I dismiss Ferguson’s quote as ironic because Trend Micro’s “vinfo” page hasn’t declared a medium- or high-risk alert. How can we take him at face value when his company doesn’t even wail about it on an alert page?


Antivirus vendors and computer news reporters have certainly suffered a drought of hysteria in the past few years — and I myself fret that we’re due for another hystericane.

F-Secure will doubtless call up the Cassandra fable to dismiss any accusations of wolf-crying…

Why, then, hasn’t the Downadup worm generated “the perfect storm” of media hysteria?

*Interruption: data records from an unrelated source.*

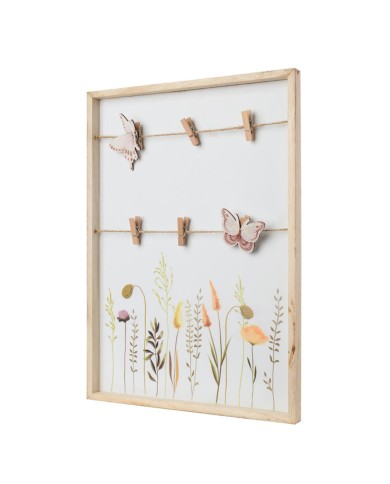 Dekorácia rámik na fotky 28,5x40x2 cm drevo prírodná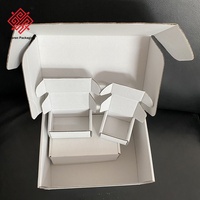Boîte de papier ondulé d'avion carré blanc Baoren adaptée aux petits lots d'emballage rectangulaire 12 13 14 pouces expédition Express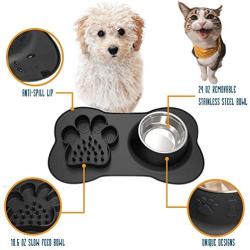 Spill Proof Dog Bowl Mats for Food and Water Slow Feed Dog Bowl Mat No Spill Dog Bowl Cute Dog Bowls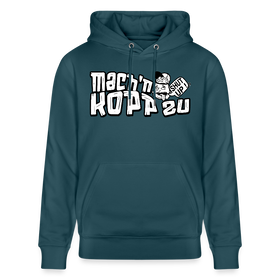 MACH'N KOPP ZU-Unisex Bio-Hoodie II - Dunkles Petrol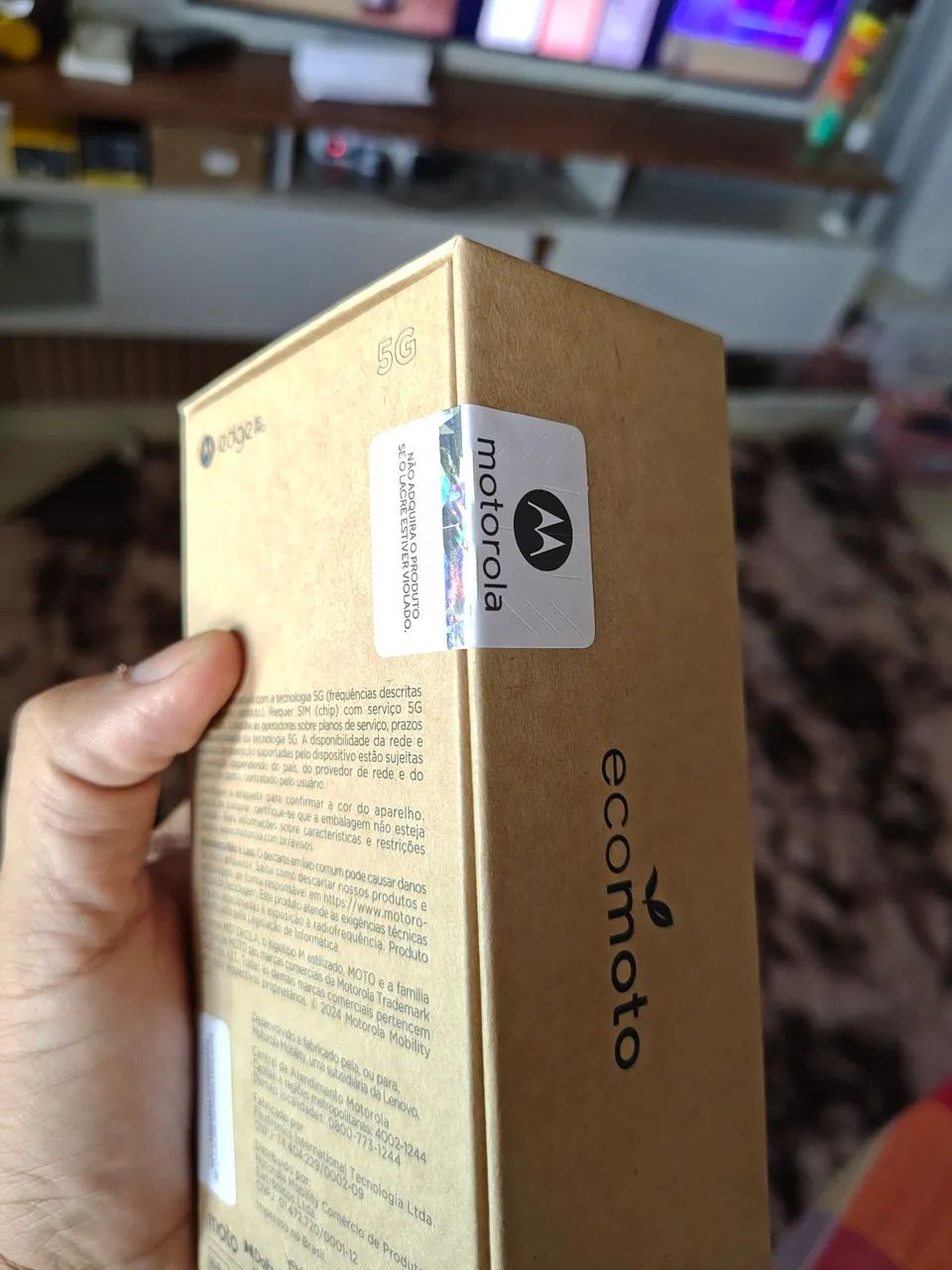 MOTOROLA EDGE 50 PRO, NOVO CAIXA LACRADA, NOTA E GARANTIA DE 1 ANO  - Foto 2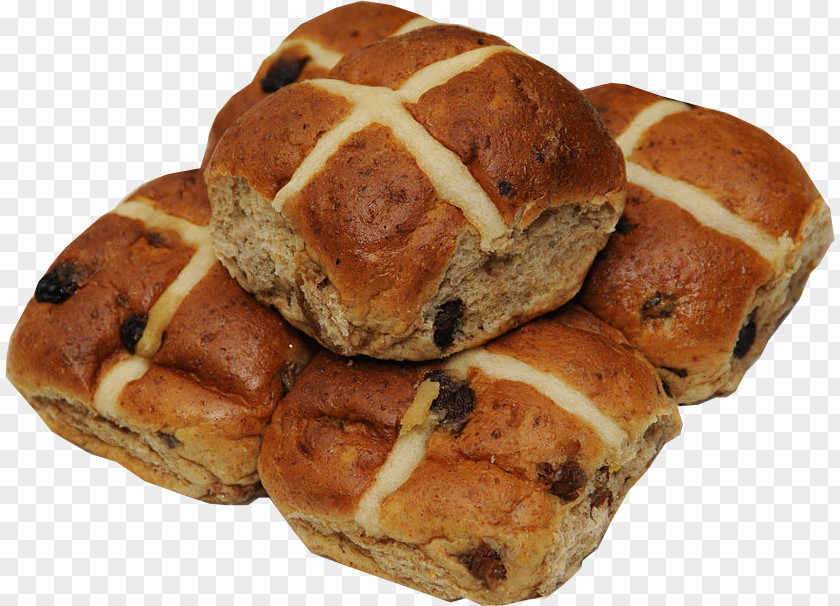 Bun Hot Cross Soda Bread Pancake Rye PNG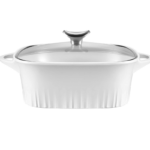 Corningware ,Cast Aluminum Lightweight Roaster, French White (3.2Quart)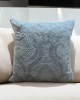 VELOR BAROQUE CUSHION GRAY 45X45 LINEAHOME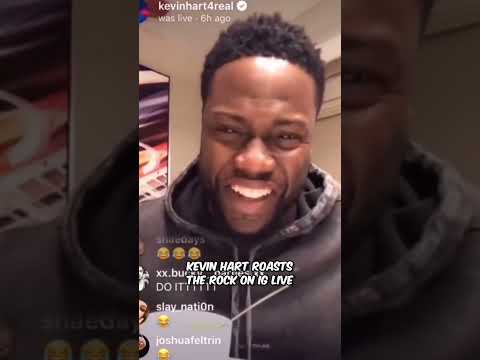 Kevin Hart roasts The Rock on IG live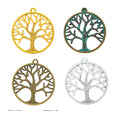 Round Tree Of Life Pendants In Four Vintage Finishes view 1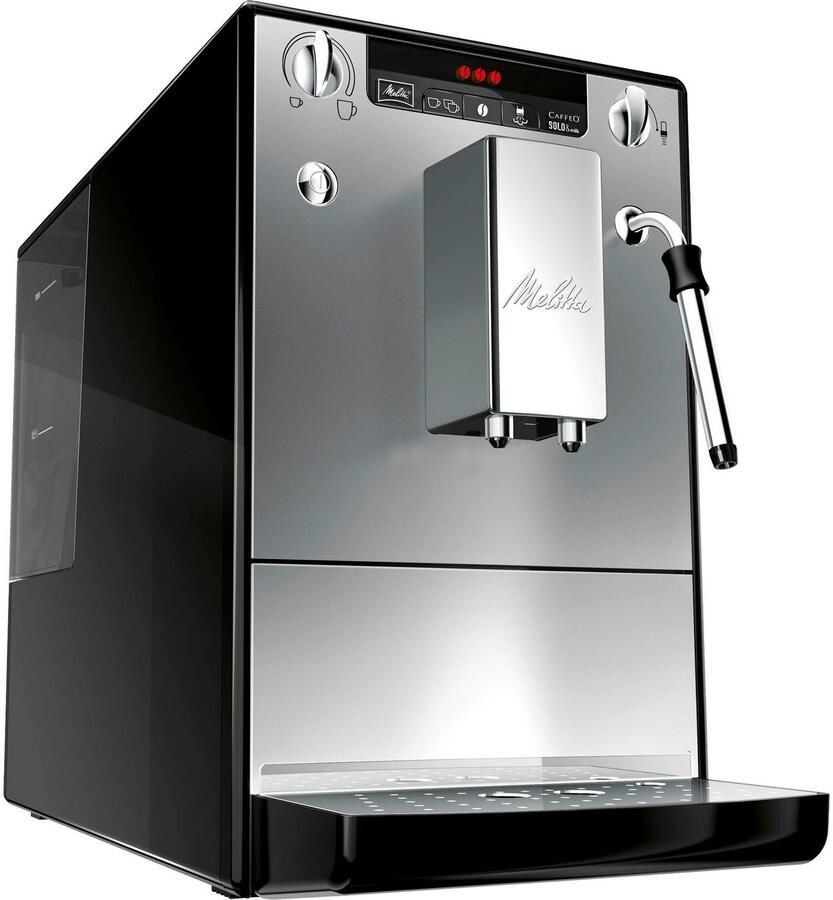 Melitta Volautomatisch koffiezetapparaat Solo & Milk E953-202 zilverkleur zwart Caffè crema & espresso per one touch zuigmond voor melkschuim - Foto 7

The answer may lie in an amazing buildup to America’s “double major holiday.” Yesterday was Martin Luther King Jr. Day while today sees the inauguration of Barack Obama. News organizations appear highly focused on the orgasm of festivities in Washington, DC—

—and the media’s infatuation with U.S. politics may have simply overshadowed everything else of importance.

“You sound a bit facetious, Rob.” Yeah, okay: you caught me. Longtime readers will recall the fact government experts reminisce about the Nimda worm as a global catastrophe that cost billions of dollars and that would have qualified as one of the worst acts of cyber-terrorism ever caught on tape. And those experts still bemoan the fact it didn’t get much airplay … because it came just one week after the equally devastating physical terrorism of 9/11/01.

First Nimda; now Downadup. This leads me to ask a philosophical question. “Why do the world’s most devastating computer security attacks always seem to take place when reporters are too preoccupied to give it the attention it truly deserves?”